Your objective. "Framsidan på Styrelreglage" appears in one line of the records below. Output that line and each one after it, exactly, through the last line.

(Beginning of Task data)

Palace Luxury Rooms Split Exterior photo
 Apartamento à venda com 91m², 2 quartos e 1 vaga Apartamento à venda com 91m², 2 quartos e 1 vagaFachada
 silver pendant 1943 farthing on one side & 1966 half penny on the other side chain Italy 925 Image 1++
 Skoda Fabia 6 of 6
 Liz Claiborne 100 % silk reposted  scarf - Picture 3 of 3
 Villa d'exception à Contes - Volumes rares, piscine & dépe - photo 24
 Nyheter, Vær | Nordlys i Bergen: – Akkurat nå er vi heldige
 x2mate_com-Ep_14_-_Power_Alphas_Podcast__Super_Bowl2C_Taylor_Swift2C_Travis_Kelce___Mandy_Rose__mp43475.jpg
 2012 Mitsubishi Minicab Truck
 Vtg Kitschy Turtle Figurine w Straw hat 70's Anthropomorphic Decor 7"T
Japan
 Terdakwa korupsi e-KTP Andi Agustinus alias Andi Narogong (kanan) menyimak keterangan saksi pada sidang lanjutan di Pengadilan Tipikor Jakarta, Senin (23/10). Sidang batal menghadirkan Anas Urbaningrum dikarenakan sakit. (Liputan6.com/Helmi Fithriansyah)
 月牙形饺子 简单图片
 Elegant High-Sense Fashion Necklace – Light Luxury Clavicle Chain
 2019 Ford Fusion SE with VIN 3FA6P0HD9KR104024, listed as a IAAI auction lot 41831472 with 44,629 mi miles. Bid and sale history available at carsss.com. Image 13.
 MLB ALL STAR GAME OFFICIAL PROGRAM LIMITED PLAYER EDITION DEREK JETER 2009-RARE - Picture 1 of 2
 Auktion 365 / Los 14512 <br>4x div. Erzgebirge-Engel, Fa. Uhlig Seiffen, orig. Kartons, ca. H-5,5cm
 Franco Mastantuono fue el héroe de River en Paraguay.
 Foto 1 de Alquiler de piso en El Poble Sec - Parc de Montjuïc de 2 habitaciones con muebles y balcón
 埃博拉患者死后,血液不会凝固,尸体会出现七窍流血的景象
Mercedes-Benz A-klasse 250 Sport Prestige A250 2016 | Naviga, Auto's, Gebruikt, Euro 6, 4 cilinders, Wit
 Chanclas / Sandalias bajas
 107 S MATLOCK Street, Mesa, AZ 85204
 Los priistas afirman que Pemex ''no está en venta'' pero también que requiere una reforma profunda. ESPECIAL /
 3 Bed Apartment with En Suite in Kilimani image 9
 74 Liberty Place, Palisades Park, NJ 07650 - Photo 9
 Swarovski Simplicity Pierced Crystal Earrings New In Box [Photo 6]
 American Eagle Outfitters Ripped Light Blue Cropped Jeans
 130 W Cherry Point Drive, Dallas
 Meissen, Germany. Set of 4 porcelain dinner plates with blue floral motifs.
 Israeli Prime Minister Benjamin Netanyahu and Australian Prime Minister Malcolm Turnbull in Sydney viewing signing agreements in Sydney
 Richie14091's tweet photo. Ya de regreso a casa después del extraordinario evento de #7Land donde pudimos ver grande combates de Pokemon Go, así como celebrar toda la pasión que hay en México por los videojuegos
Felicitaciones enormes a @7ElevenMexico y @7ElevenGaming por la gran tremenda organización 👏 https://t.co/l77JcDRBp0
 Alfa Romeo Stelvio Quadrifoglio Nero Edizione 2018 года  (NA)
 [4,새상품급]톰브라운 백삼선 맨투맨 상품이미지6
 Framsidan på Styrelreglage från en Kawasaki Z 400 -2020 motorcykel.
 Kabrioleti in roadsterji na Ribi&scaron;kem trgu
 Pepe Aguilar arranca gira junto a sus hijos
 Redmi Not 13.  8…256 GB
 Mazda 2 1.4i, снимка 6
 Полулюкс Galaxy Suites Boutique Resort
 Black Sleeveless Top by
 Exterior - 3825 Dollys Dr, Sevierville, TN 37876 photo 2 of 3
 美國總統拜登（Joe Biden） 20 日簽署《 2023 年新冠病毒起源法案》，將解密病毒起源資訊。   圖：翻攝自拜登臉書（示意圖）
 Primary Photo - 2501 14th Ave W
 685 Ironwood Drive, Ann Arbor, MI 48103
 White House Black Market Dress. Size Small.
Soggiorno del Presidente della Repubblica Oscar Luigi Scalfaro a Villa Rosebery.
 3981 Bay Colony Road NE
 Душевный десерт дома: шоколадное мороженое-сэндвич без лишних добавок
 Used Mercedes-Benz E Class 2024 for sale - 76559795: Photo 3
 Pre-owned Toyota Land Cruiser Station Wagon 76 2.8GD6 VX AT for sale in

(End of Task data)

Solution below.
 Framsidan på Styrelreglage från en Kawasaki Z 400 -2020 motorcykel.
 Kabrioleti in roadsterji na Ribi&scaron;kem trgu
 Pepe Aguilar arranca gira junto a sus hijos
 Redmi Not 13.  8…256 GB
 Mazda 2 1.4i, снимка 6
 Полулюкс Galaxy Suites Boutique Resort
 Black Sleeveless Top by
 Exterior - 3825 Dollys Dr, Sevierville, TN 37876 photo 2 of 3
 美國總統拜登（Joe Biden） 20 日簽署《 2023 年新冠病毒起源法案》，將解密病毒起源資訊。   圖：翻攝自拜登臉書（示意圖）
 Primary Photo - 2501 14th Ave W
 685 Ironwood Drive, Ann Arbor, MI 48103
 White House Black Market Dress. Size Small.
Soggiorno del Presidente della Repubblica Oscar Luigi Scalfaro a Villa Rosebery.
 3981 Bay Colony Road NE
 Душевный десерт дома: шоколадное мороженое-сэндвич без лишних добавок
 Used Mercedes-Benz E Class 2024 for sale - 76559795: Photo 3
 Pre-owned Toyota Land Cruiser Station Wagon 76 2.8GD6 VX AT for sale in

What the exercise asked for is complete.